Cette pratique avait déjà été critiquée lors du mouvement des Gilets jaunes. « Le nombre ‘jamais vu’ d’interpellations et de gardes à vue réalisées ‘de manière préventive' », avait relevé le Défenseur des droits dans son rapport de 2018, citant le 8 décembre où près de 2 000 personnes avaient été interpellées dans toute la France.
Depuis janvier 2023, des manifestations ont lieu partout en France dans le cadre du mouvement social s’opposant au projet de réforme des retraites du gouvernement.

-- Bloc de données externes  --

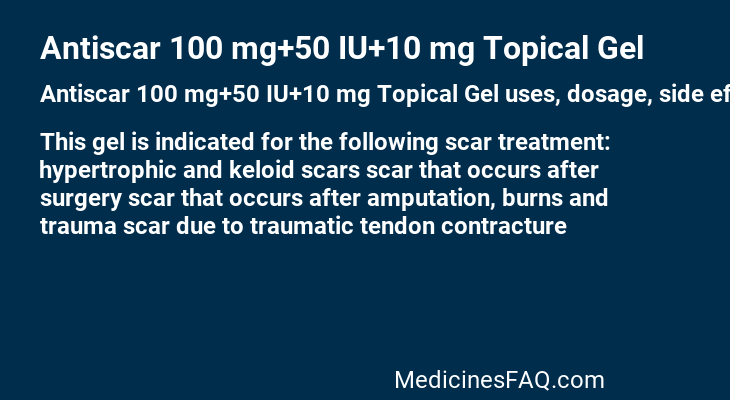 Antiscar 100 mg+50 IU+10 mg Topical Gel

Nous mettons en garde contre l’usage excessif de la force et les arrestations abusives, rapportés dans plusieurs médias.👇
— Amnesty International France (@amnestyfrance) 21 mars 2023
« Depuis plusieurs années, nous documentons l’utilisation de lois trop vagues ou contraires au droit international pour arrêter et parfois poursuivre des manifestants pacifiques. Les autorités françaises doivent fournir un cadre législatif qui protège le droit de manifester », a tweeté Amnesty International France.
« Il n’y a pas d’arrestations injustifiées »
Depuis « quinze ans », il y a une « judiciarisation du maintien de l’ordre », constate Fabien Jobard, directeur de recherche au CNRS et spécialiste de ces questions.
Il cite notamment la loi dite Estrosi de 2010 qui crée le délit de « participation à un groupe en vue de commettre des violences ou des dégradations » – initialement votée pour « lutter contre la violence en bande et dans les stades » mais utilisée depuis dans les manifestations .
Entre le « régime répressif » et le « préventif », où les interpellations ont lieu en amont des manifestations ou avant que des violences ou dégradations significatives ne soient commises, « le curseur est de plus en plus du côté préventif », souligne-t-il.
« Il n’y a pas d’arrestations injustifiées, je ne peux pas le laisser dire », a déclaré le préfet de police de Paris, Laurent Nuñez, à BFMTV. « On arrête pour des délits qui, à nos yeux, sont inventés », mais « 48 heures (de garde à vue) pour tenter de matérialiser le délit, c’est court », a-t-il ajouté.
Des instructions ont-elles été données pour contester massivement ? « Non », répond un haut gradé de la police, qui ajoute que « lorsque des profils à risque sont interpellés, ils n’agitent plus les autres ».
Mais avec ces nombreuses arrestations, la « manœuvre est risquée », renchérit un autre policier spécialisé dans ces questions. Selon lui, ils « exposent la main-d’œuvre, monopolisent les agents » et « risquent de radicaliser les manifestants ».